JNU hotel fee hike row on way to resolution

JNU hotel fee hike row on way to resolution

File picture of JNU students protesting over hotel fee-hike. (Credit: PTI)

A resolution of the JNU hostel fee hike, which led to a massive protest by the students and first-ever incident of violence in the campus on January 5, seems likely after HRD ministry held a series of confabulations with the varsity's students, teachers and administration.

However, the protest of the Jawaharlal Nehru University (JNU) students union seeking removal of M Jagadesh Kumar as vice-chancellor of the varsity will continue, president of the students body Aishe Ghosh indicated.

A final decision on whether to JNU students union (JNUSU) would call off its over two-month-long strike in the campus will be taken at the meeting of the counsellors and all office-bearers of the students body after the Human Resource Development (HRD) ministry issues “a circular” detailing the steps to be taken to address the “demands and concerns” of the students, she said.

After back to back meetings with the JNU administration officials, JNUSU office bearers and university grants commission (UGC) chief D P Singh, higher education secretary Amit Khare said that the vice-chancellor has given an assurance for implementation of all the decisions jointly taken by the varsity administration, students body and ministry last month to restore normalcy in the campus.

“We apprised the JNU students union's office bearers about it during the meeting and appealed them to call off their strike,” he added.

JNU, meanwhile, issued a circular making it clear that students will have to only pay revised hostel room rent—Rs 300 for a single bed and Rs 600 for double bed with provision for 50% concession to students belonging to below poverty line.
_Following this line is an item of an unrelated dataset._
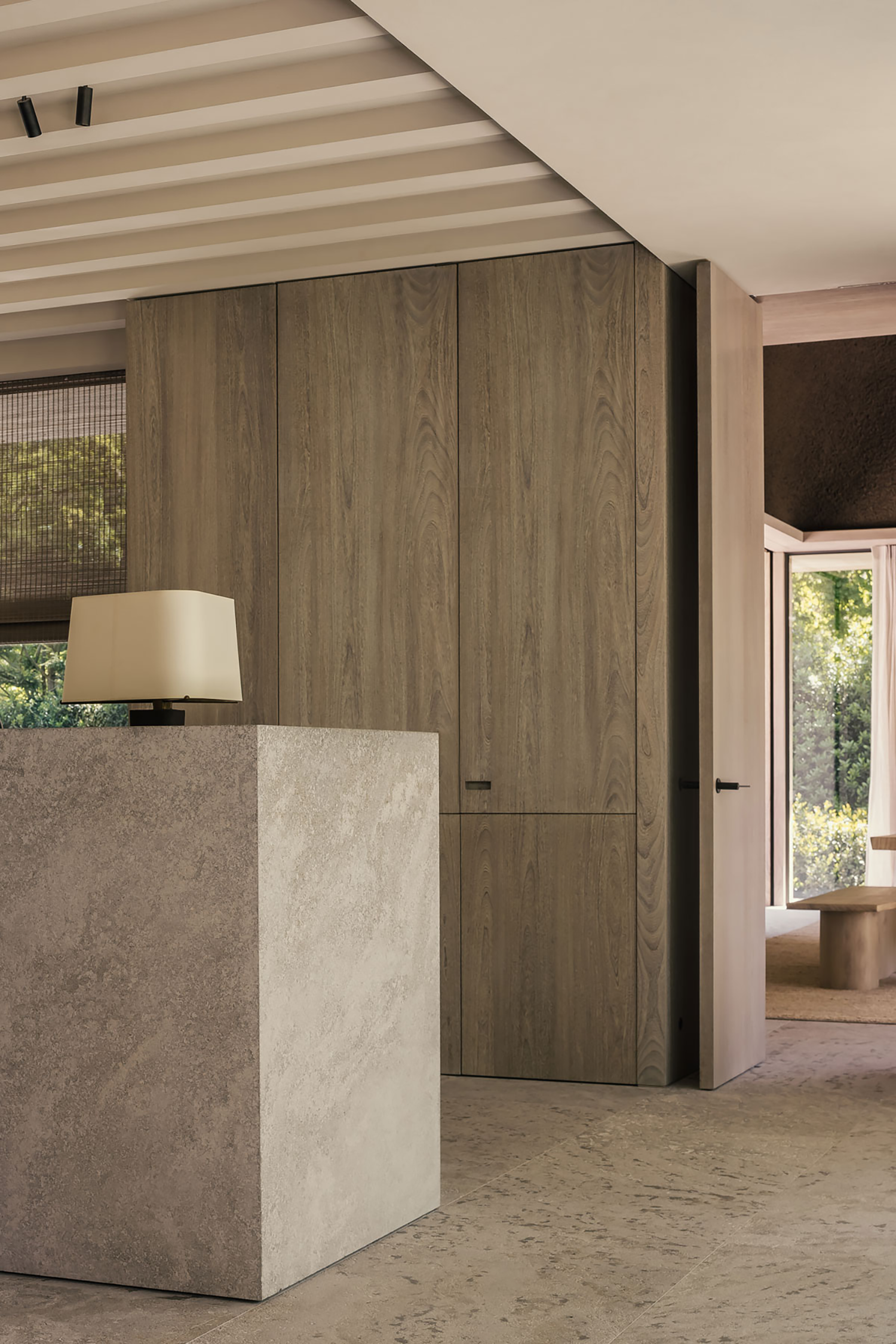 Simon de Burbure ｜比利时建筑师的沉静与优雅-48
Service and utility charges for the hostel residents will not be charged from the students.

“The appropriate modalities will be worked out by the UGC for additional funds to bear the service and utility charges for the hostels of the students,” Khare told reporters.

Kumar assured the HRD ministry that that JNU administration will take every effort to make sure that all students and teachers have “a conducive atmosphere” to pursue their academic activities.

"In a meeting with the deans and chairpersons, it was decided that the classes would start from January 13. If required, the date for winter semester registration would further be extended,” Kumar said in a statement.

Ghosh said HRD ministry was “positively” intervening into the matter.

“After HRD ministry's intervention, the vice-chancellor is now saying he will implement the decisions taken last month. He is also now talking about extending the date of registration. Ministry is repeatedly assuring that it will support us,” she said.

HRD minister Ramesh Pokhriyal Nishank later said he was "distressed" over the involvement of JNU students in the campus violence as pointed out by the Delhi Police in its [preliminary investigation, asserting that his ministry will not tolerate any violence and anarchy on the campus.

"Those students who were stopped from registering themselves and others are appealed to register and participate in smooth conduct of academic activities," he tweeted, appealing to the students to maintain a "dignified" atmosphere in the university.